Hats off to a fire-breathing beast

Fjord Family

In the early autumn each year all Fjordians travel to the same location for our annual company off-site, an important tradition that we call “Fjord Equinox”. This year we went to Sicily.

I’m sitting there in the bus, travelling towards our home for the next few days – an old tuna factory that’s been transformed into a hotel and resort. Suddenly I see an illuminated fire-breathing beast outside the bus. The beast is the logo of Agip, one of Italy’s largest petrol station chains.

The colours, symbolism, and outrageousness of the design mesmerise me.

Corporate identity blandness

In our globalised economy, many large corporations tweak and evolve their visual identities in order to appeal to – or at least not insult – people across cultures and demographics. Corporate identities therefore have a tendency towards the abstract rather than specific, and often both the company name and the visual identity are relatively generic and – let’s face it – bland.

In some industries, the corporate identity is used as a tool to make the company’s core product or service more appreciated, or simply acceptable.
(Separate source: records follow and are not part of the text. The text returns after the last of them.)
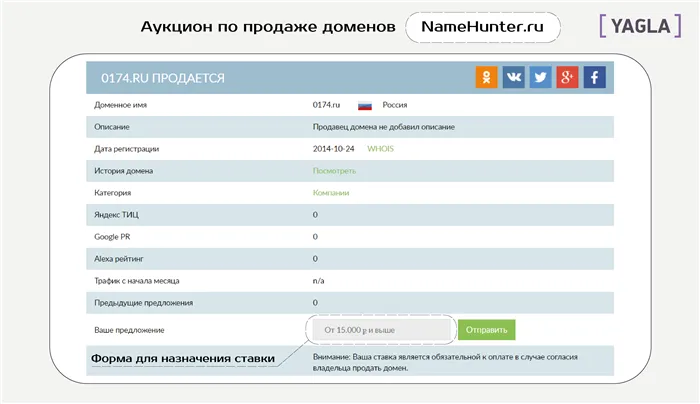 Аукцион по продаже доменов NameHunter.ru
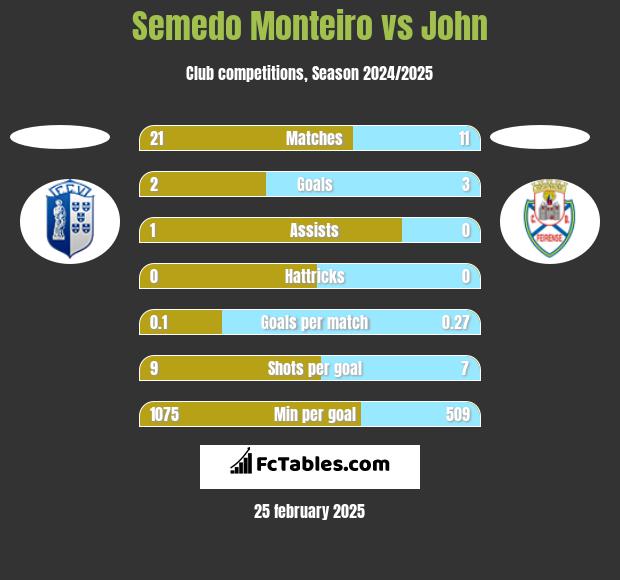 Semedo Monteiro vs John h2h player stats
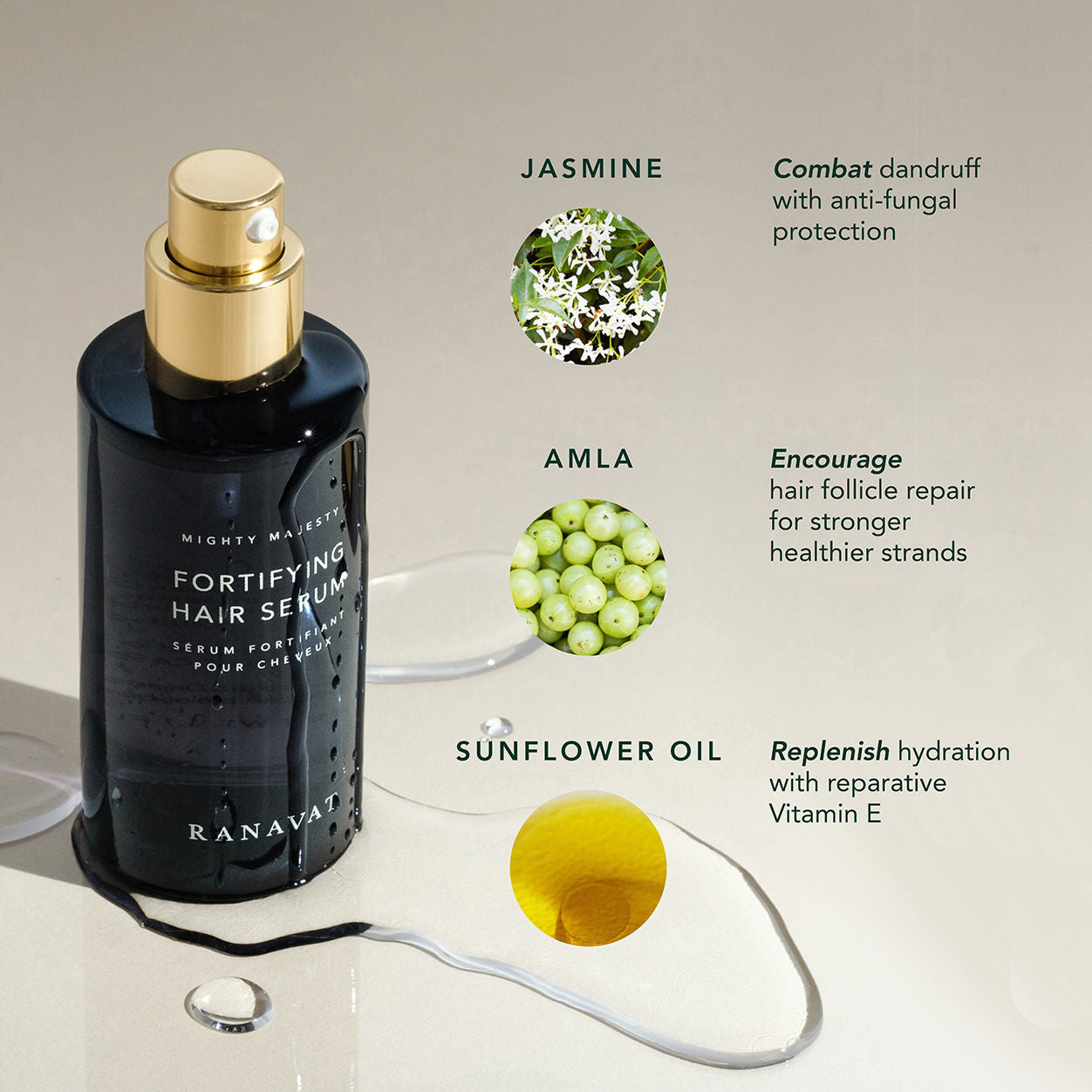 Mighty Majesty Fortifying Hair Serum for Stronger, Healthier Hair - Perfect for Daily Use & Hair Repair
One example is the dominant agricultural giant Monsanto, widely accused of being a true force of evil. In the fight against a negative public image they have developed a corporate identity that looks cuddly and suitably “organic”. They also have a slogan that goes with it: “A sustainable agriculture company”. In their case the brand identity is used as one of many weapons in the effort to become more “politically correct”.
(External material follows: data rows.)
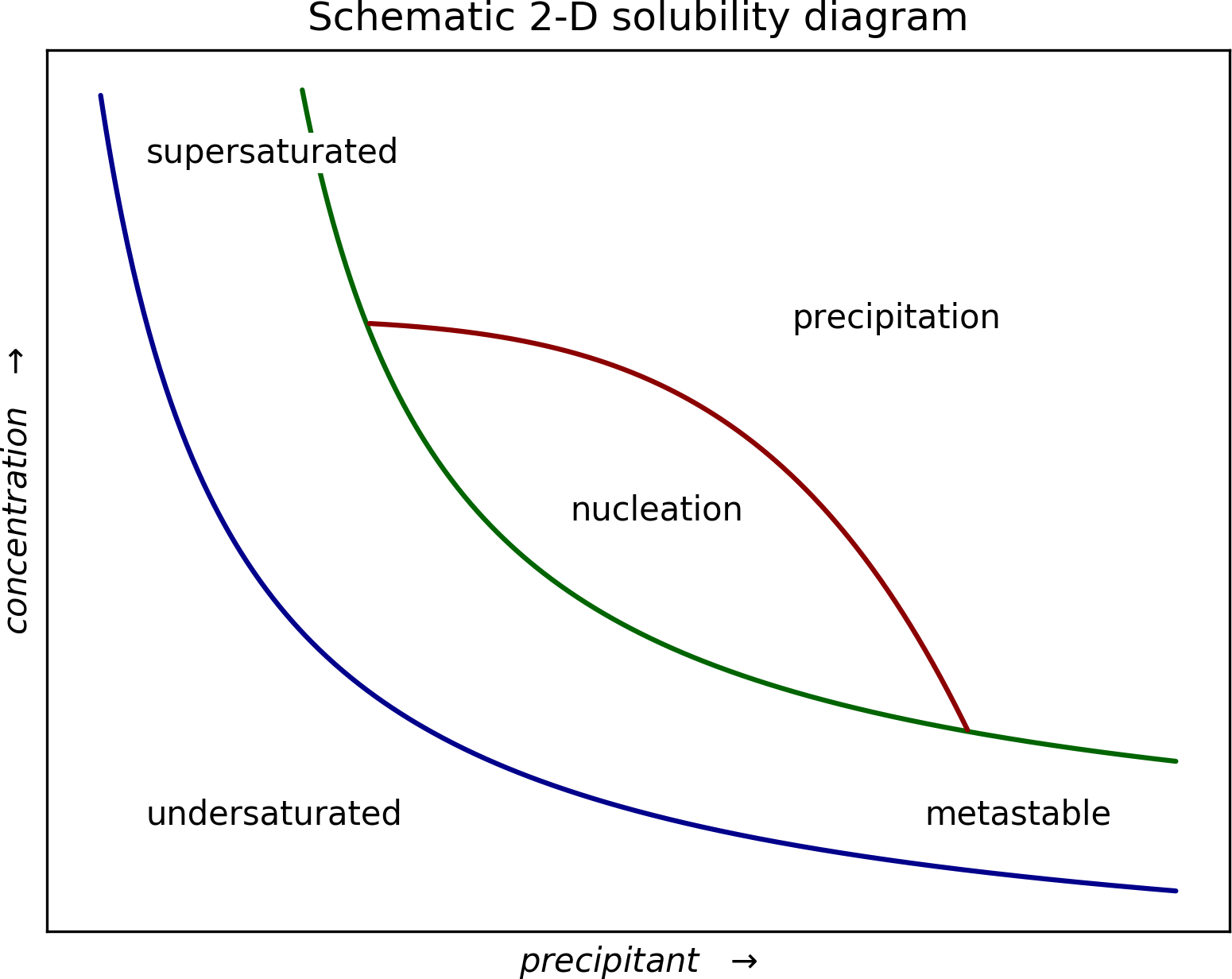 2D-solubility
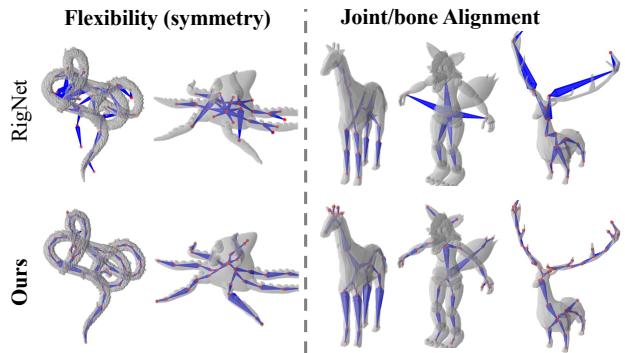 Comparison of skeleton generation quality between RigNet and the proposed method.
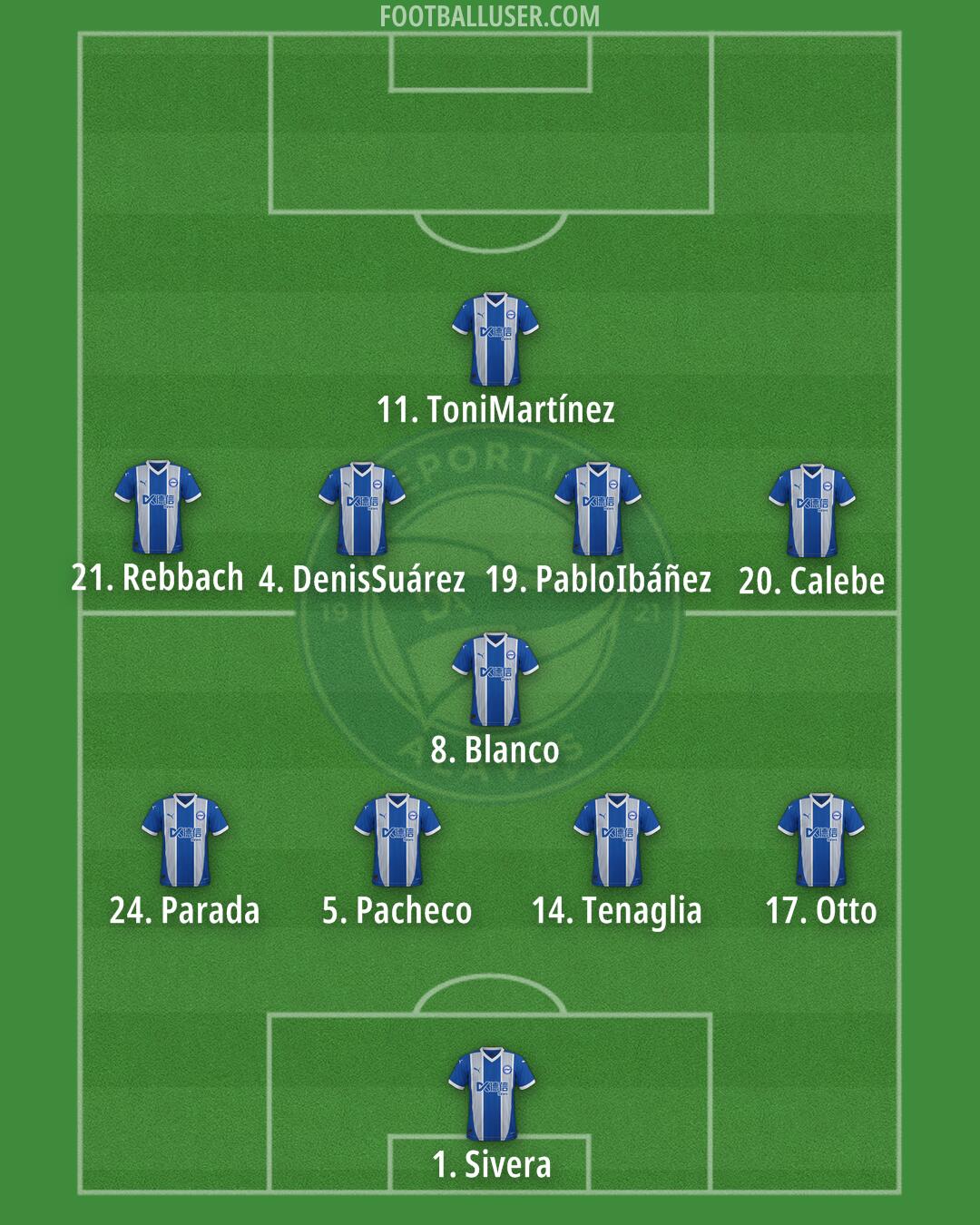 Alavés Formation 2025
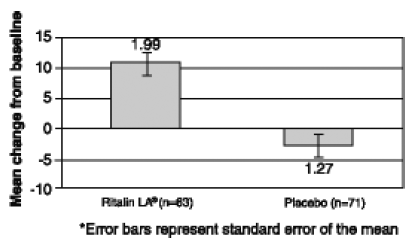 CADS-T total subscale - Mean change from baseline - Illustration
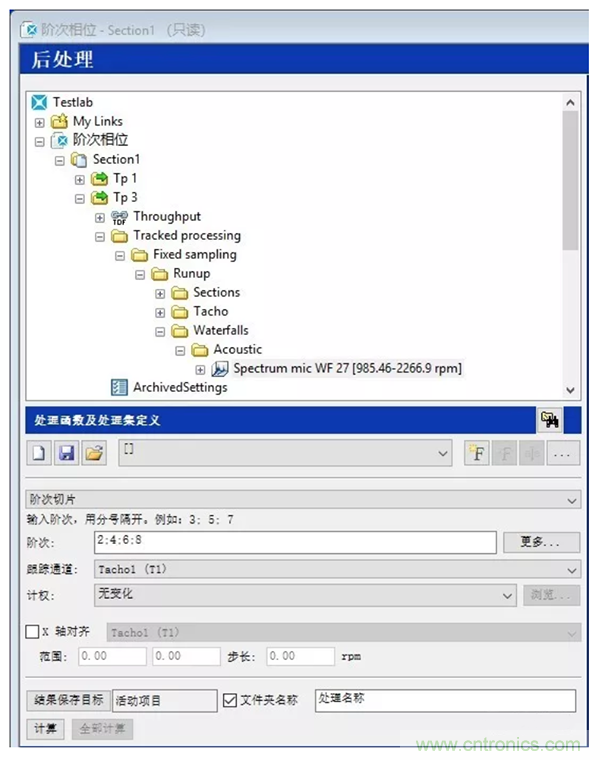階次的相位、提取與疊加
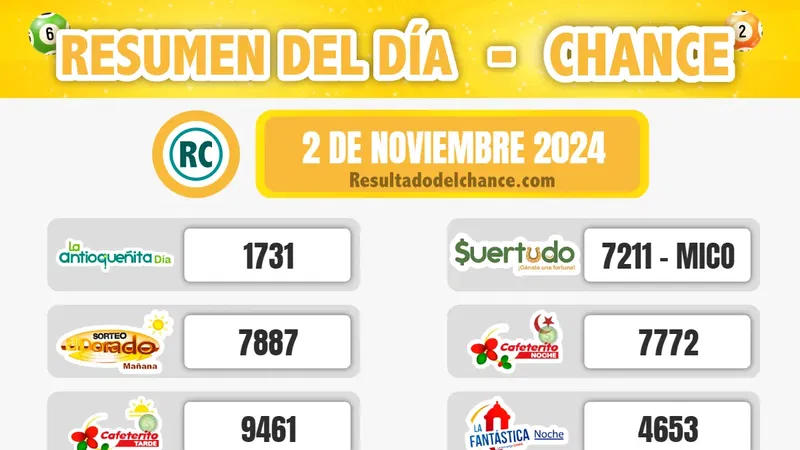 La Fantastica Noche, El Dorado Mañana, La Caribeña Noche y todos los chances de anoche sábado 2 de noviembre de 2024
The danger of a logo that doesn’t align with behaviour

British Petroleum – BP – is one of the largest energy groups on the planet, and it offers another obvious example of a logo that’s trying to communicate positive values. More than 10 years ago BP redesigned their identity, and brought about the green “sunflower” logo that they’ve used since. It was a massive rebranding exercise, and clearly the visual identity is pointing towards sustainability and renewability.

However, as BP have since found out through the environmental catastrophe they caused in the Gulf, if your actions are not in harmony with the image you paint of yourself, there is likely to be a backlash. Digital and social media in particular have completely changed the rules of branding. You can’t rely on the effectiveness of a centrally created brand image that’s simply broadcasted to the public, using controlled channels. Your core services and your actions have to be aligned with your brand identity. Below is one example of how the BP logo has been used to make a statement about this disconnect between brand image and behaviour at BP.
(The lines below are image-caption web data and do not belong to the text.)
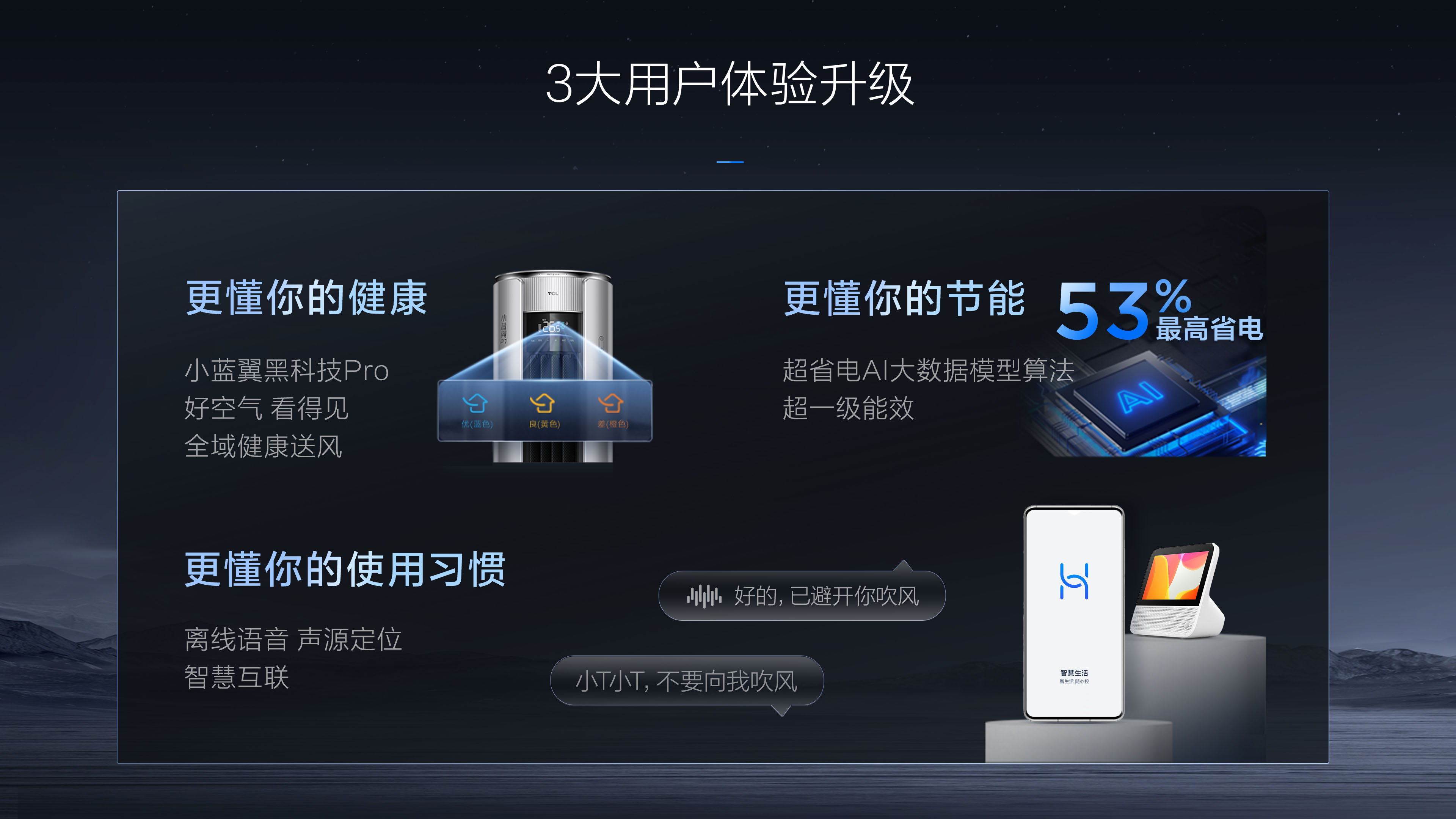 乐竟体育小蓝翼P7新风节能柜机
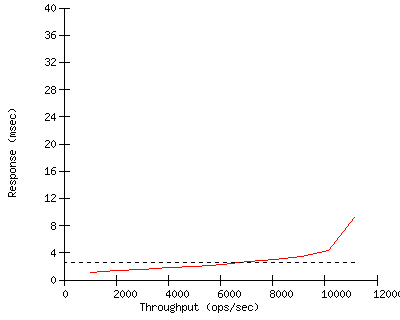 Performance Graph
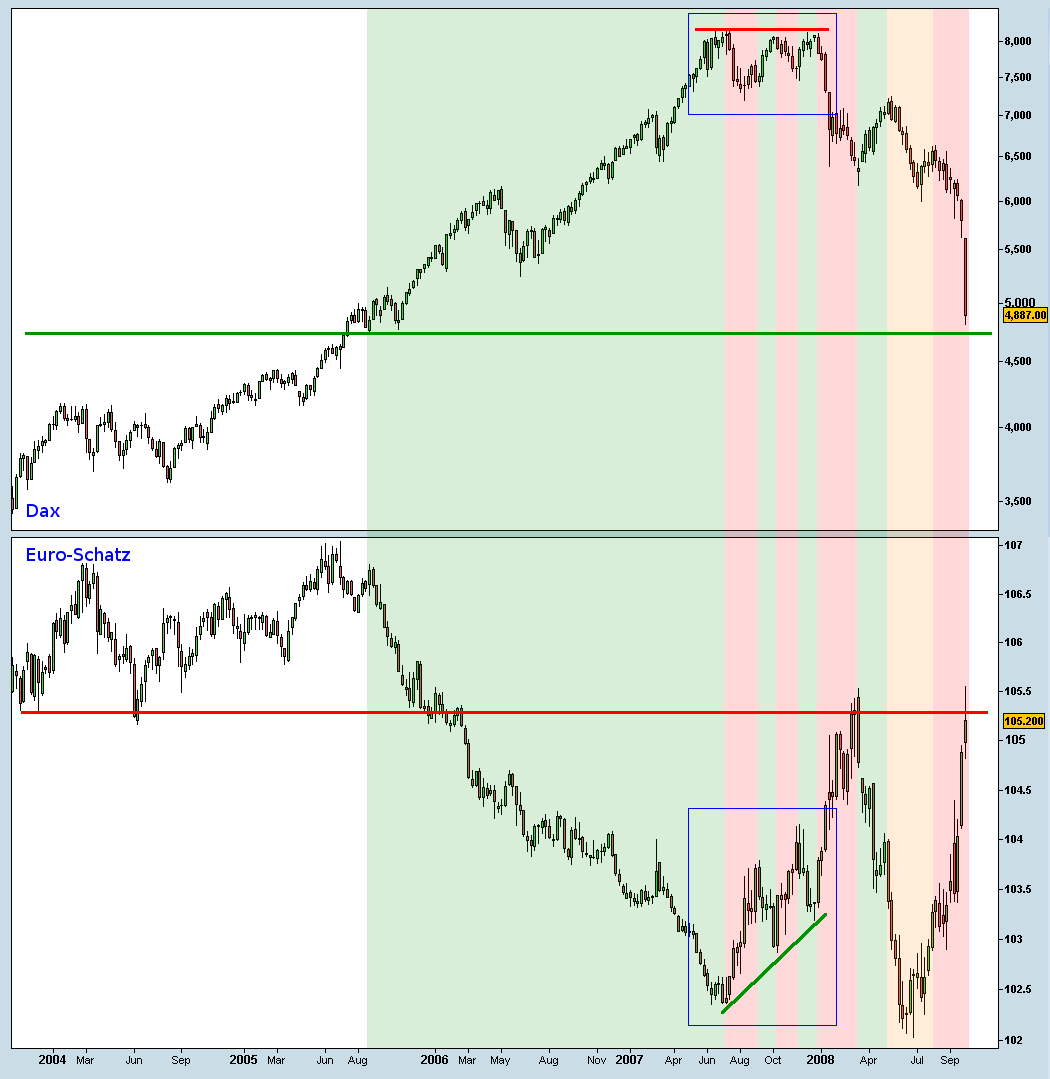 rebound_mercados_accionistas_correlacao_negativa_set2008.png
To see how numerous people are having fun with the BP logo, simply do a Google image search for “BP logo”. The search results page is a bit of a brand and PR disaster for the company.

The outrageous Agip approach

In bright contrast to the general branding trend of the politically correct, the bland and the abstract, Agip’s logo stands out as a fresh and gutsy alternative.

Numerous other brands – regardless of industry – are gravitating towards flowers, butterflies and clouds. What does Agip offer us? A six-legged furry beast that roars with flames of fire. As if the imagery isn’t strong enough, it’s also been painted with the most aggressive combination of colours possible – yellow, red, and black.

I don’t know what Agip’s values are, or what branding strategy they have. But in the cynical and critical age of “Occupy”, their logo feels fresh, direct, and honest. The Agip identity might well be an old classic – I avoided the temptation to research Agip’s branding history – but it seems remarkably suitable for current times.

In a world over-saturated with marketing messages and brands, it’s increasingly difficult to catch the attention of people, and to connect with them.

When other brands flock towards earthy niceness, the aggressive Agip logo certainly stands out in the crowd. As the old marketing saying goes: ‘When everybody zigs, zag’. Agip are doing just that, and they made me notice them. I even wrote a blog post about their crazy beast!